In 1970, our Oma visited us in Sacramento with our Tante Karin and her husband, Friedhelm Esser (they later divorced), and their two children, Yvonne and Hans Jürgen. Yvonne has a daughter, Sina Esser, and Hans-Jurgen has a a son, Daniel Esser and a daughter, Sarah Esser. Marita Esser is Daniel's mother, and they are all on Facebook. Sina graduated from high school in 2021. Our Oma also visited Sacramento in 1975, 1978-9, and 1981 with Tante Renate.
Our Oma passed away in May 5, 1989. Alan was a visiting lecturer at the Univers of Tubingen (near Stuttgart, Germany) at that time and was visiting Istanbul when he got the news. He visited her grave in June 1989 with our parents, Mable, Lauren, and Tante Renate. They also met with Tante Karin with her second husband, Dieter Binger.
World War II started in Germany in 1939, when our mom was 7 years old. During the war, her mother arranged for her to leave Dusseldorf for periods of time to protect her from the bombings. Dusseldorf was in the Ruhr River industrial area and was a prime bombing site in WWII.
Our mom loved traveling, which was the opposite of her sister Renate, who refused to leave her mother’s side. Our mom's memory about these years is not always clear and sometimes conflicting. This is the best as we can piece together from conflicting dates for her WWII travels:
Hamburg 1938—6 years old—she stayed about 6 weeks on a rural “fairy-tale land” estate. (The war started in September 1939, and it is unclear why she was “evacuated” in 1938.)
Poland 1939 to 40—7 to 8 years old—she went to a village for a year between Katowice (Kattowitz) and Gliwice (Gleiwitz), a heavy coal mining area in southern Poland. She said the air was always dirty with coal dust. She would herd the cows and goats of the family. When she returned to Dusseldorf, she spoke fluent Polish and less fluent German. (Germany invaded Poland on September 1, 1939, which was the start of the WWII in Europe. Our mom was back in Dusseldorf by then.)
Ulm 1940 to 41—8 to 9 years old—she stayed for 6 months with a rich farm family with many maids and servants. They owned a vacation cabin in Tyrol in the Alps (near Innsbruck, Austria), and she stayed with them in Ulm for 3 months and in Tirol for 3 months. It was a 3-hour hike to get to the cabin from the nearest road. Their cook took care of mom most of the time at the cabin. They had two kids of their own about our mom’s age and a nanny that looked after them all.
Wurzburg 1942 to 43—10 to 11 years old—stayed 1.5 years - Renate and Juliane also went to Wurzburg. Our mom stayed with a farm family with another girl from Dusseldorf named Klara, who became her best friend. Renate was with another family and would not stop crying because she was homesick. They finally sent her home (on a doctor’s orders).

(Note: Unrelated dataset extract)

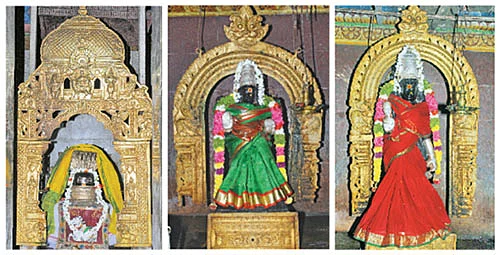 'சாமுண்டி வரப்பிரசாதி!'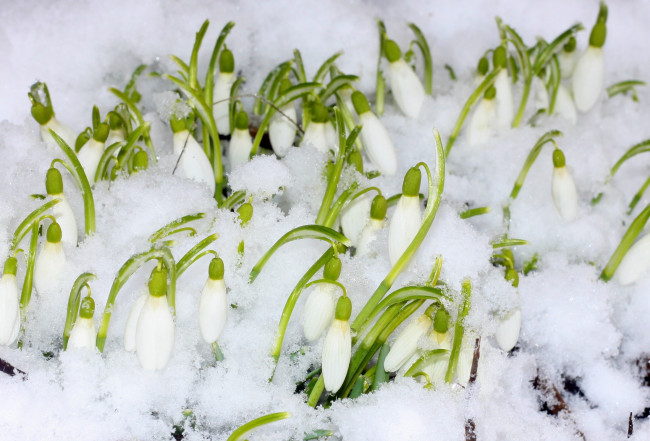 Обои картинки фото цветы, подснежники,  белоцветник,  пролески, снег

At the end of our mom's stay in Wurzburg, there was heavy bombing in the Dusseldorf-Oberlik industrial area, where her mother lived, and our mom lost contact with her mom. So, she left Wurzburg on her own. The Red Cross helped her get back to Dusseldorf-Oberbilk where Allied bombs had leveled her former apartment building. She learned her mom moved to Dusseldorf-Oberkassel, and she met a young man (her age) who knew her mom and helped her find their new apartment.
Eibenstock, East Germany 1944 (near Dresden)—11 years old when she arrived in January 1944—Tante Ida (Juliane’s mom) arranged and took our mom and Juliane to a Hitler Youth League Dormitory in the Ore Mountains on the Czech border. It was like a military school with 40 girls. They arrived in early January 1944, about a month late because of heavy snow that year delaying the trains. She stayed there for 1 year.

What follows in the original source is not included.